My first guided quilt-a-long group got started in April 2018. I chose a star pattern that uses the classic ‘flying geese’ method to make the points of the stars. We used a clever variation whereby the fabric squares used to make the points of the star are smaller than the background fabric (‘the goose’). This means that you don’t have to worry about losing the tips of the star shape when you piece the blocks together – every single block will have eight crisp points and look fantastic.
I couldn’t resist quilting-a-long. I planned to make a quilt for our home. I almost always make quilts as gifts and lately most of my quilts were made to demonstrate techniques and finishes to inspire my students. This time I felt like making a quilt for keeps. I decided on a pink and orange colour scheme and pulled all the fat quarters I needed from my stash. I added plenty of Kona white and I was all set to start cutting.
As I made my quilt I added in some extra fabrics here and there – mostly scraps – and played with the blocks a little. I made a few with white stars and patterned backgrounds and others with patterned stars and a contrasting patterned background. Some stars were made from the same fabric, other were a mix of two different fabrics. I made 42 blocks and put them together in a 7x6 layout to make a large single (twin) size quilt.
The quilt-a-long was so much fun! Seeing everyone who took part having fun with their fabrics, getting to know each other and gaining confidence as quilters, was amazing. Each quilt was so different and so personal to the maker who made the pattern their own – you could hardly tell that each quilt was essentially the same.

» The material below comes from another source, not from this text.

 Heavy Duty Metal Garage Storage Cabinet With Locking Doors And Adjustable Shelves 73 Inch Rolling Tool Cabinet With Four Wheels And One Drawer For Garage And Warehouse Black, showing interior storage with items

I finished my own quilt using a plain bed sheet as backing, my favourite quilter’s dream cotton wadding and a low-volume patterned binding. I quilted it by hand using my usual Gutermann quilting thread in white and I quilted circles all over it to soften all the points and angles a little. This quilt even came on holiday with us last summer to be finished and I have sweaty memories of trying to quilt it during a heat wave in the Black Forest! It now lives on my eldest daughter’s bed. Until a few months ago my girls shared a room but, now she’s nearly 8, my big girl began to need her own space. The quilt works perfectly with the little red bedside cabinet we made for her, her orange Tripp Trapp chair at her desk and the colourful tub chair that already lived in the spare room.
I’ve made a companion quilt to this one in teals and blues, quilting-a-long with my next group of new quilters and I’ll share that one soon. It’s destined for my little girl’s bed which is painted green.
I’m hosting two more quilt-a-long groups starting in the Spring. We’ll use the same pattern because it has proved to be incredibly versatile and spot on for new quilters ready to tackle their first “big” quilt. Most people aim for a throw-size quilt but you can chose to make a larger or smaller quilt – it’s up to you. I make sure you have several months to finish your quilt so you can work at your own pace in between the sessions where we meet to work together at key stages of the process.